Doctors by the dozen

A record number of doctoral students will graduate from the Queensland Conservatorium Griffith University (QCGU) on Saturday.

The 12 students represent the largest cohort to complete their PhDs in music research and are already paving their way in the industry, with half having secured work in Australia and overseas before graduation.

Director Professor Huib Schippers attributes the unusually high number to the research environment created by the establishment of the Queensland Conservatorium Research Centre in 2003, and the introduction of a practice-based approach to high-level music research through the Doctor of Musical Arts program from 2005.

“The complexities of 21st century music require more of people than just superb playing or theoretical skills,” he said.

“It’s vital that professionals now have a comprehension of the challenges facing the ‘musical ecosystem’ to ensure a vibrant culture for the future of music in Australia.

“The research these students have undertaken means we now have a group of highly-skilled and deeply reflective professionals with a diverse range of expertise entering the industry.

“These doctoral graduates are the future leaders in music scholarship, performance, education and industry.”

Graduate projects have included jazz improvisation, French horn repertoire, the teaching of contemporary worship singers, cultural diversity in the classrooms of Asia and Australia, the impact of autism on creative collaborations and changes in Chinese percussion traditions.

This first group of graduates were located in Brisbane, Melbourne and as far away as China and Austria, meaning much of the guidance, learning and supervision was conducted online.

“Online technology has played a significant role in the PhDs and DMAs and it’s an area that we will continue to focus on to ensure our research culture and expertise remains readily accessible to students regardless of location,” Professor Schippers said.

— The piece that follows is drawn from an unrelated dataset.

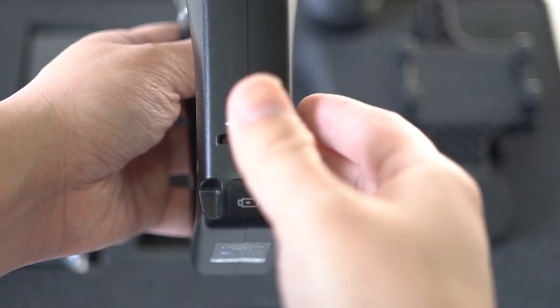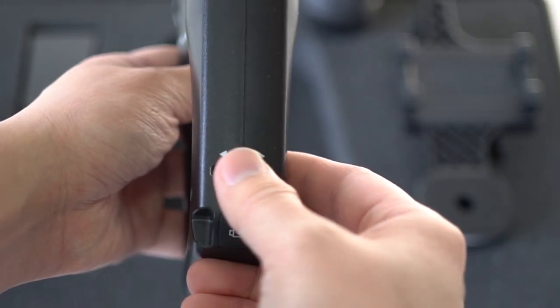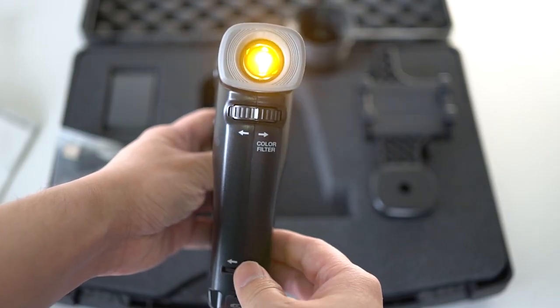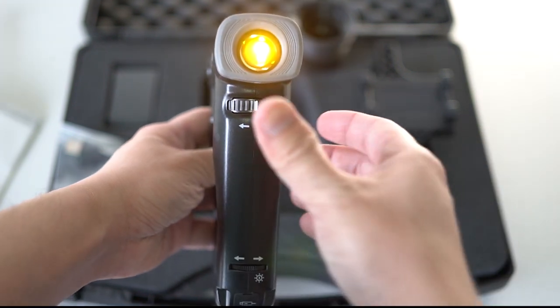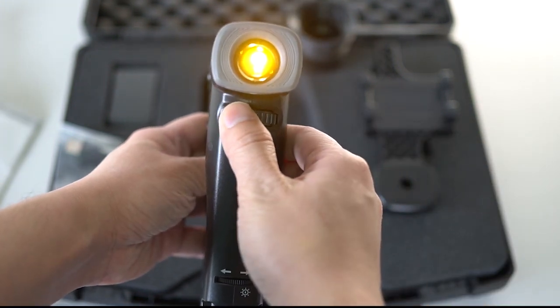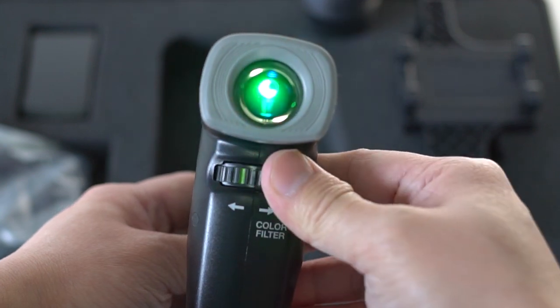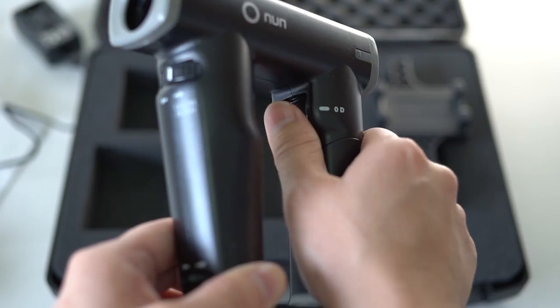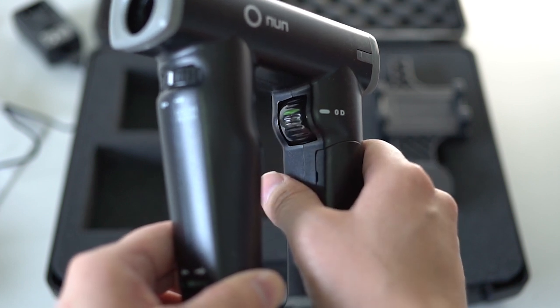To turn on the ophthalmoscope, rotate the illumination wheel at the bottom front of the handle. You can also control the brightness of the illumination using the same wheel. You can switch between the filters — yellow, red free, or cobalt blue. The focus wheel should be set at green for neutral refraction.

“With 50 continuing doctoral students and a strong intake for the next round, Queensland Conservatorium is rapidly gaining a reputation as the place where things happen in innovative music research in Australia,” he said.

WHAT: Official Graduation Ceremony

WHEN: 3.00pm, Saturday 17 December

WHERE: Brisbane Convention & Exhibition Centre


Melissa Cain (Cultural Diversity), Singapore;

Irene Bartlett (Contemporary Singing), Australia;

Andrew Blackburn (Pipe Organ and Digital Processing), Melbourne;

Michael Knopf (Composition for Guitar), Brisbane;

Peter Knight (Jazz improvisation and laptop), Melbourne;

Karen Lonsdale (Performance related injury on the flute), Brisbane;

Daniel Robinson (Contemporary Worship Singing), Brisbane;

Philippa Robinson (Instrument selection for Primary School Students), Brisbane;

Armin Terzer (French Horn Ensembles), Austria;

Sun-Ju Song (Historical Musicology), China;

Colin Webber (Autism and Music), Brisbane; and

Wang Yan (Chinese Percussion), China.